Tenemos que aprender a entrar en la sintonía del amor.
1Reyes, 12, 26-32; 13, 33-34; Sal. 105; Mc.
8, 1-10
Ante este texto del evangelio que hemos escuchado
tendríamos que comenzar por preguntarnos si hay amor de verdad en nuestro
corazón. Quien ama no es insensible y tantas veces vamos por la vida vemos
pasar tantos sufrimientos a nuestro lado que pareciera que tenemos cauterizado
el corazón para que no saliera a flote la sensibilidad de nuestro corazón.
Algunas veces nos hemos endurecido tanto que ya ni nos
preguntamos ni analizamos nuestra vida para ver realmente cuales son nuestras
reacciones y cuáles son nuestros sentimientos. Miramos con mucha facilidad para
otro lado para no ver aquello que no queremos ver. Creo que tenemos que ser muy críticos con nosotros
mismos y examinarnos bien pero ver cuál es nuestra cruda realidad de esa
insensibilidad que se nos haya podido meter de rondón en nuestro corazón.
Cuando hay amor en el corazón no podemos soportar el
sufrimiento de los demás y no nos podemos quedar quietos.
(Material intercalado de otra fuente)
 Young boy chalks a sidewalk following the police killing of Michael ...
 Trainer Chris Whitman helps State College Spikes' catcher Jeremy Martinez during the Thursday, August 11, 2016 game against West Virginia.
Un cristiano
verdadero que se ha impregnado del amor de Cristo no será alguien que veamos
con los brazos cruzados. Ya sabemos que esa expresión de los brazos cruzados es
la de aquel que nada tiene que hacer o nada quiere hacer. Por eso nunca tendría
que ser la postura de un cristiano verdadero. El cristiano tiene que vivir en
otra sintonía.
Una multitud grande de gente se ha reunido en torno a
Jesús y no tienen nada que comer; están lejos de donde puedan encontrar algo
que satisfaga sus necesidades; en su entusiasmo por escuchar a Jesús han venido
de muchas partes y le han seguido días y días allá por donde vaya Jesús. Y
aparece toda la hondura del amor que hay en el corazón de Cristo. ‘Me da lástima de esta gente; llevan ya tres
días conmigo y no tienen que comer, y si los despido a sus casas en ayunas, se
van a desmayar por el camino’. Y por allá andan los discípulos más cercanos
a Jesús preguntándose. ‘¿Y de donde se
puede sacar pan, aquí, en despoblado, para
que se queden satisfechos?’
Parece imposible encontrar la solución. A la pregunta
de Jesús le dicen que solo hay siete panes. ¿Será eso suficiente para tantos?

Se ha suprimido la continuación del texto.